● **Brief**
At the line containing "2022 U.S. Amateur", begin an exact copy of the lines below and continue through the final one, with no pictures.

● **Input data**
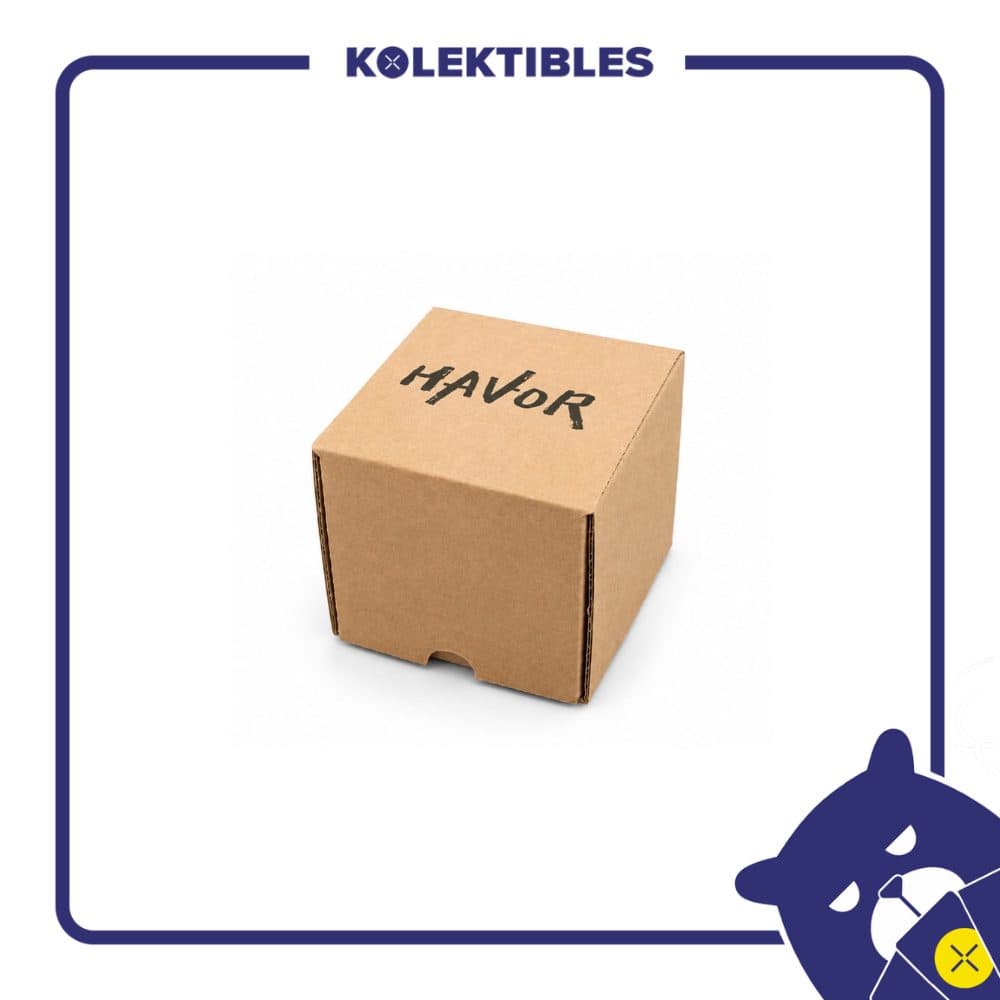 Havor - Small Box for Toploader - Brown Kraft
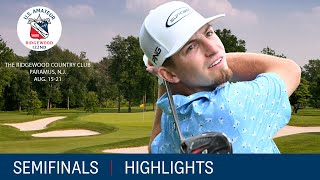 2022 U.S. Amateur Semifinals: Extended Highlights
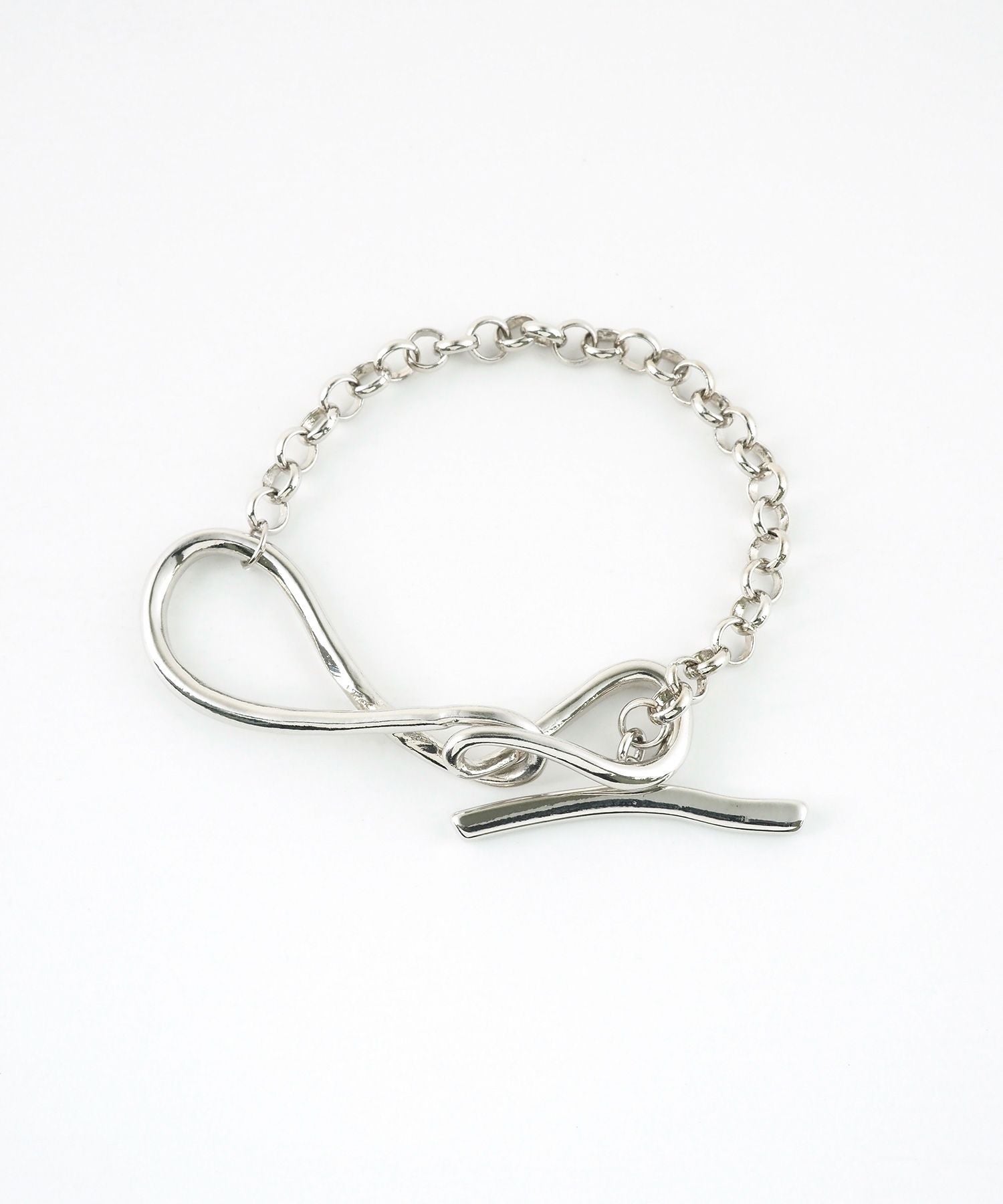 ドロップメタル×チェーンブレスレット【MUK lucenzio】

● **Exercise solution**
 2022 U.S. Amateur Semifinals: Extended Highlights
 ドロップメタル×チェーンブレスレット【MUK lucenzio】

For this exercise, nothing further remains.